British sports artist (born 1945)

Brian West (born 1945) is a British sports artist born in Sutton-in-Ashfield. He studied at Mansfield College of Art and worked as a production engineer in various fields then was a founder of companies supplying equipment to the National Coal Board before becoming a professional artist. His interest in drawing began at age nine when his crayoned depiction of Wolverhampton Wanderers goalkeeper Bert Williams won first prize in a Daily Express art competition.

==Work==
West is best known for his paintings of association football, capturing layers of movement, emotion, and concentration.
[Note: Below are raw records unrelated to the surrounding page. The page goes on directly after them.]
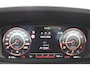 Hyundai i20 1.0 T-GDI Comfort Carplay|Cam|Pdc|LM 16"|RIJKLAAR|
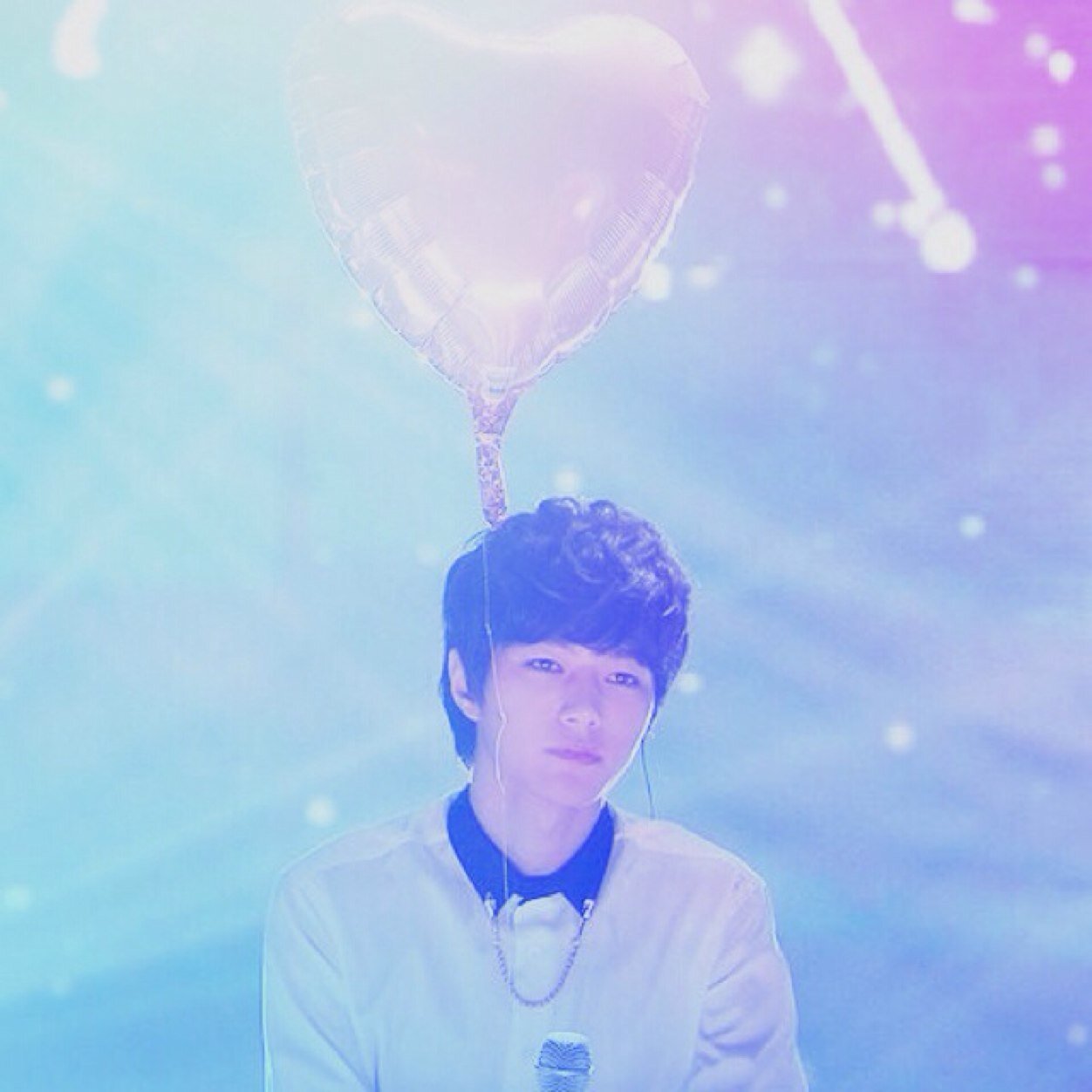 인피니트☆.。((명수)) SMF☆.。96line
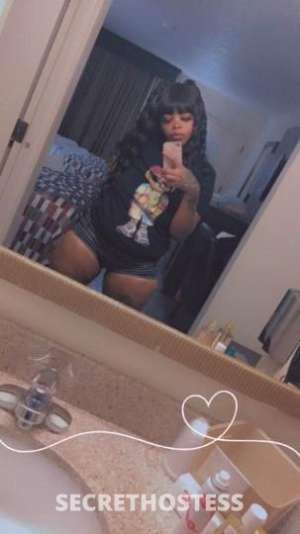 London 28Yrs Old Escort North Mississippi MS Image - 4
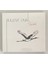 Bülent Ünal Tevali CD (Jelatinli Sıfır Orijinal Dönem Baskı Cd) 1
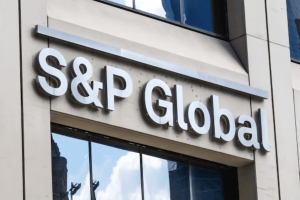 DRC Gets S&amp;P Outlook Boost Ahead of Planned $750 Million Eurobond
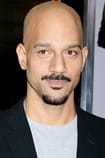 Films avec l'acteur Albert Hughes - SWEET.TV Films avec l'acteur Albert Hughes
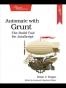 Automate with Grunt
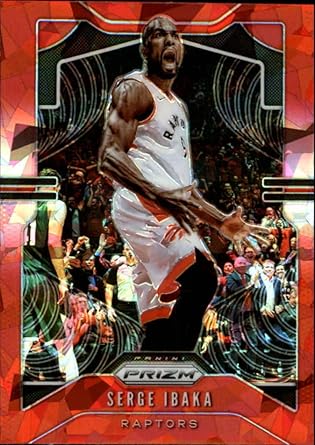 walmart raptors jersey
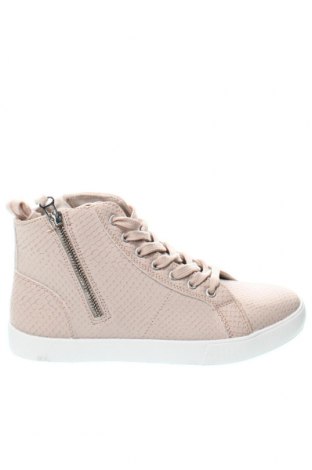 Γυναικεία παπούτσια Duffy, Μέγεθος 38, Χρώμα Ρόζ , Τιμή 16,60 €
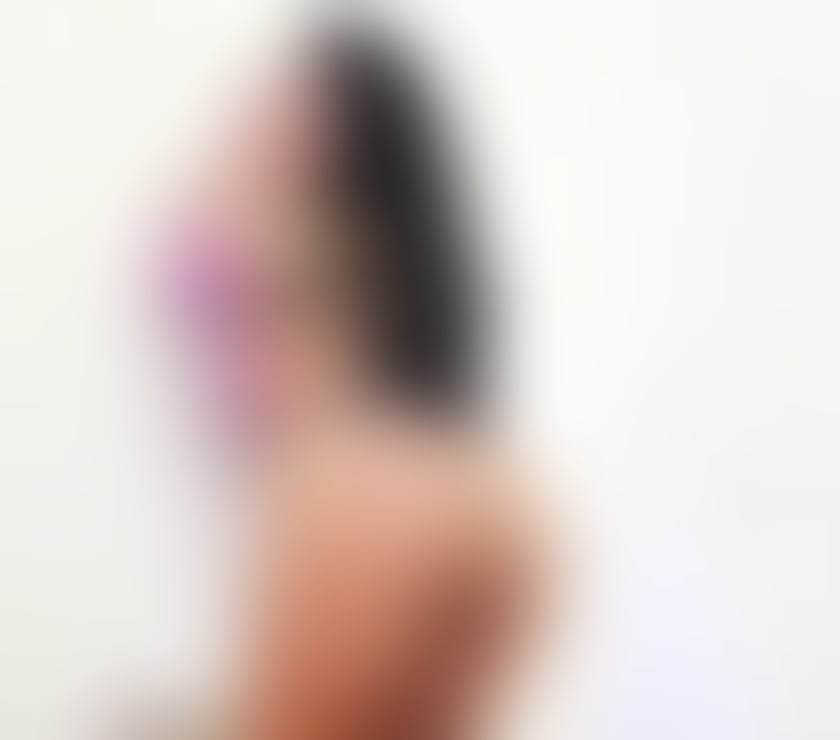 Trans Escorts Highland Aberarder - Highland - Photos for Independent trans girl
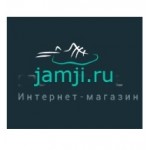 Честные отзывы о Jamji.ru интернет-магазин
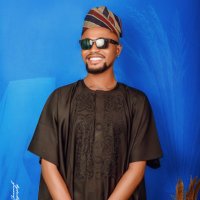 Oluwatimileyin (@timmylee_1) 's Twitter Profile Photo Oluwatimileyin (@timmylee_1) 's Twitter Profile Photo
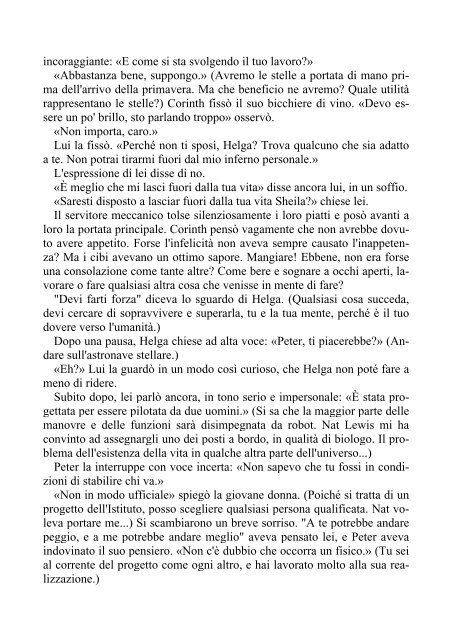 Poul Anderson - Quoziente 1000~1977.pdf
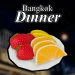Bangkok Dinner icon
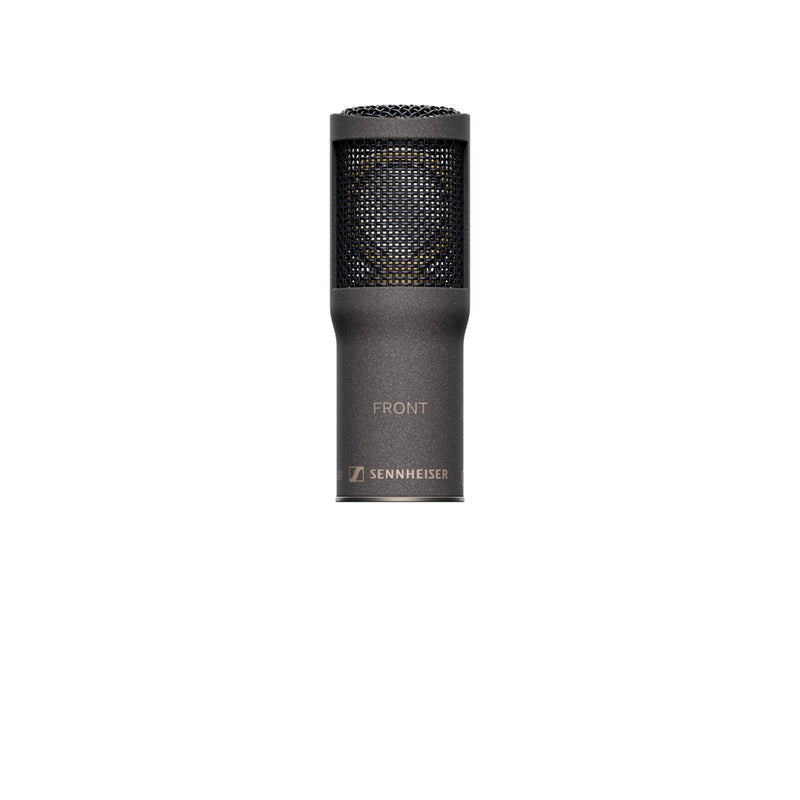 Sennheiser MKH 8030 Figure-8 Microphone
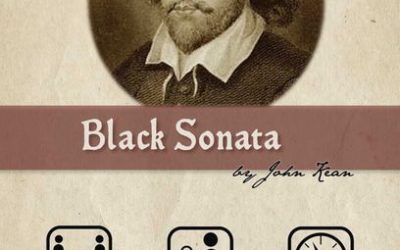 Test: Black Sonata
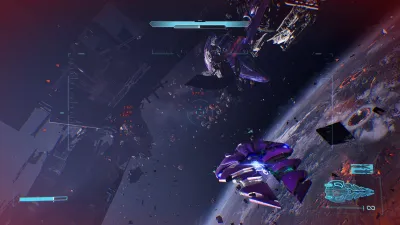 Halo: Campaign Evolved — Standard Edition — скриншот 11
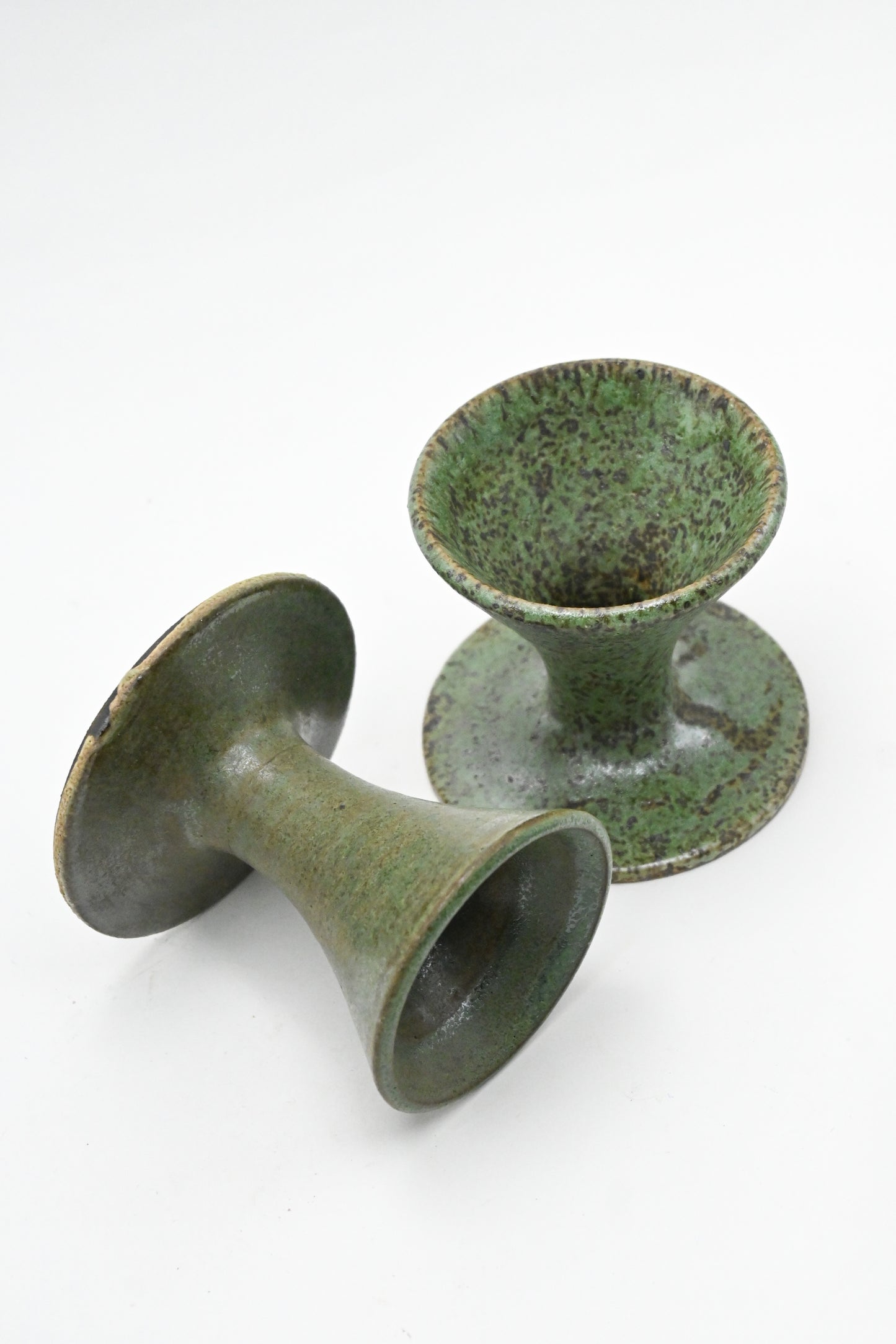 Candlestick 076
He has portrayed players such as Paul Gascoigne, Stuart Pearce, Ryan Giggs, and Gordon Strachan.
Among his notable works is a painting commissioned by Dave Mackay depicting the moment of respect and mutual admiration between Mackay and Brian Clough when Derby County won the Second Division title in 1969. West has also produced artworks for figures including Danny Murphy, Gary Lineker, Sir Bert Millichip, Sir Jack Hayward, and Roy Bentley among others. His montage-style portraits often illustrate key moments from a subject's career.

Sir Alex Ferguson commissioned a painting from West to hang in his snooker room. Ironically, the scene featured Scotland's Lawrie Reilly challenging England's Bert Williams during England's 7-2 victory over Scotland did not deter the Scottish manager because Ferguson claimed that he attended the game with his father as a child.

For many years West was commissioned by the Royal Yachting Association to paint a series of action montages titled 'Sailing For Gold' depicting the sailors of the British Olympic and Paralympic sailing teams.